13.06.2024 - 14:15 | Son Güncellenme:
Soya sütü kestirilerek yapılan ve bir çeşit peynir olan tofu da yüksek besleyici gıdalar arasında. Yine Asya mutfağında yoğun olarak kullanılan tofu kızartılarak, pişirilerek ya da haşlanarak tüketiliyor. Yukarda saydığımız izoflavonların yanı sıra protein kaynağı açısından zengin olan tofu vücudun protein sentezlemesi için ihtiyaç duyduğu tüm amino asitleri içeriyor. Kalsiyum, demir, manganez, selenyum, fosfor, magnezyum, çinko ve bakır kaynağı olan tofu kemiklerin güçlenmesi ve vücudun zinde kalması için de oldukça faydalı.

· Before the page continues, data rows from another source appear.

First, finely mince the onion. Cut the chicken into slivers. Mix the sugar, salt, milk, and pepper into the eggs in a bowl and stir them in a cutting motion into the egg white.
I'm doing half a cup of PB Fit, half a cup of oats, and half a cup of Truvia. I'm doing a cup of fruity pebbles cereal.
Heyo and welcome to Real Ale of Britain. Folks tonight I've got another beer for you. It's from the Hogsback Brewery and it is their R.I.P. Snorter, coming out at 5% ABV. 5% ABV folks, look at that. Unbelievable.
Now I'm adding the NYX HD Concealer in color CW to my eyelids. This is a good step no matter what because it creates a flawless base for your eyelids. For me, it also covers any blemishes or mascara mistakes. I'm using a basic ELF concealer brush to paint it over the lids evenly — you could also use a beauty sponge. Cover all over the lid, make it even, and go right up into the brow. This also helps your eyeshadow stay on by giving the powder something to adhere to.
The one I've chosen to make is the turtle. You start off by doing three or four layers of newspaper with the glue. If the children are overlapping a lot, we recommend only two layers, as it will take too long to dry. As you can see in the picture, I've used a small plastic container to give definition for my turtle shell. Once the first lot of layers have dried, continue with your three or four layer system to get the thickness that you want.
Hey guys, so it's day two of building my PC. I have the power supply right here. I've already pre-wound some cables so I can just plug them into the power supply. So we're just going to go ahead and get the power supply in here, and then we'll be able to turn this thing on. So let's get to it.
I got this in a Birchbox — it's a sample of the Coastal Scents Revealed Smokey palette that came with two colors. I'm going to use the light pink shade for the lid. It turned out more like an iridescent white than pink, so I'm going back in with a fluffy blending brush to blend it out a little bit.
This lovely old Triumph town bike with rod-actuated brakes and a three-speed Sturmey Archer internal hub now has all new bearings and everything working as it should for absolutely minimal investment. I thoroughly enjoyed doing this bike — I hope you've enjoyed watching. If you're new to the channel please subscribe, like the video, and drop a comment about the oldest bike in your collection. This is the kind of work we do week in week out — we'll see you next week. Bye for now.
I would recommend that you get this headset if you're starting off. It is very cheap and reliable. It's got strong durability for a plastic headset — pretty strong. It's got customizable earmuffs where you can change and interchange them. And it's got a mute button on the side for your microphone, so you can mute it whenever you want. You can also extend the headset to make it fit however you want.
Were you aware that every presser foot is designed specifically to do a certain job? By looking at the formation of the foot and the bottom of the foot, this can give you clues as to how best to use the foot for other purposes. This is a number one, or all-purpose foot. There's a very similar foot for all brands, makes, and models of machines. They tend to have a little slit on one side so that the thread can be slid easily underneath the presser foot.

Taze baklagiller özellikle soya fasulyesi Asya mutfağında yüzyıllardır kullanılsa da, batıda kullanımı çok eskilere dayanmıyor. Bu bitkisel gıdada yüksek oranda izoflavon bulunuyor. İzoflavonların anti-inflamatuar, antioksidan, anti-kanser ve antimikrobiyal özellikleri olduğunu biliniyor. Bu gıda vücudun iltihaplı rahatsızlıklara direncini artırırken hücresel yaşlanmayı yavaşlatıyor ve mikroplarla mücadelesini destekliyor. Ayrıca bazı kanser türlerine karşı koruyucu özelliği olduğunu da faydaları arasında.
İçerdiği yüksek oranda beta-karoten sebebiyle tavsiye edilen bir diğer besin kaynağı havuç. Vücut kendi kendine A vitamini üretemiyor fakat beta-karoteni A vitaminine çevirebiliyor. A vitamini bağışıklık, görme, üreme sistemleri ve hücreler arası iletişimde önemli rol oynuyor. Beta-karoten vücut hücrelerini koruyarak yaşlanmayı geciktirici etkisi de bulunuyor. Havuçta bulunan falkarinolün kansere karşı iyi geldiği yönünde bazı araştırmalar da mevcut.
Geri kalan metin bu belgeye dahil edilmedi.